- **Problem to solve**:
Transcribe, exactly and in full, every record shown below, while omitting its images.

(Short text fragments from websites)
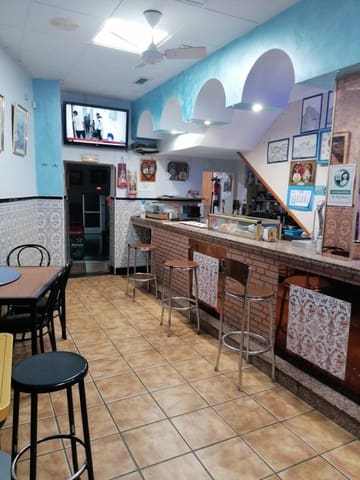 3 bedroom Commercial for sale in Martos - € 120,000 (Ref: 7666211)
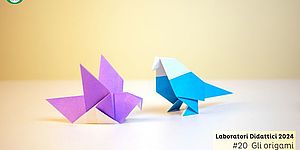 locandina a sfindo iallo con due origami colorati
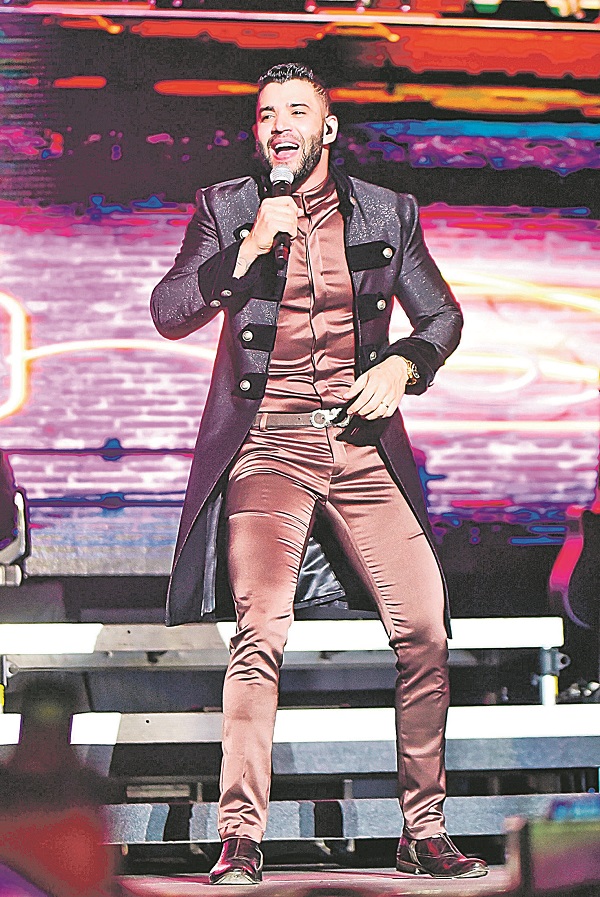 O sertanejo Gusttavo Lima é atração do dia 3 (Foto: Agnews)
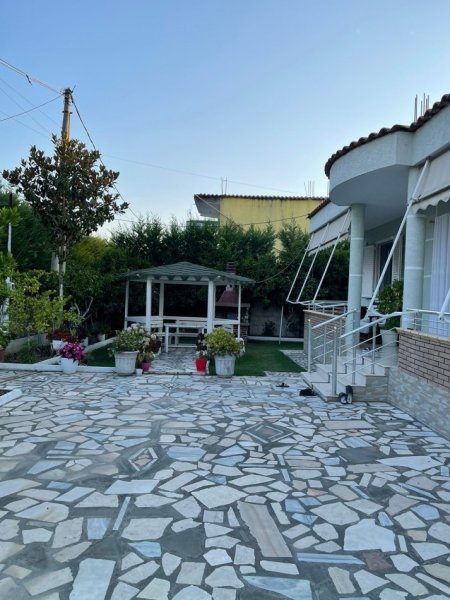 Tirane, shitet shtepi 3+1+Ballkon,Shtëpi 1 katëshe!Super shtëpi me 125 m² ndërtim+550 m2 truall= 160.000 € (Kamez)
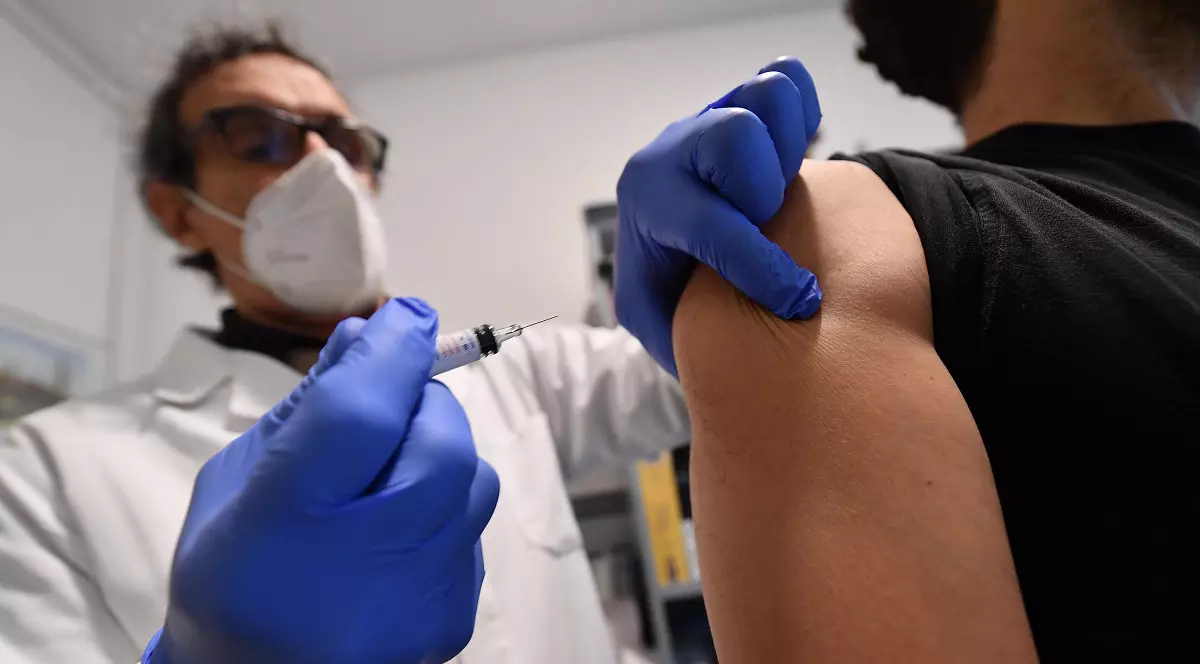 Studiu: Vaccinul Pfizer oferă cea mai bună imunitate dacă rapelul este efectuat la 8 săptămâni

- **Your response**:
 3 bedroom Commercial for sale in Martos - € 120,000 (Ref: 7666211)
 locandina a sfindo iallo con due origami colorati
 O sertanejo Gusttavo Lima é atração do dia 3 (Foto: Agnews)
 Tirane, shitet shtepi 3+1+Ballkon,Shtëpi 1 katëshe!Super shtëpi me 125 m² ndërtim+550 m2 truall= 160.000 € (Kamez)
 Studiu: Vaccinul Pfizer oferă cea mai bună imunitate dacă rapelul este efectuat la 8 săptămâni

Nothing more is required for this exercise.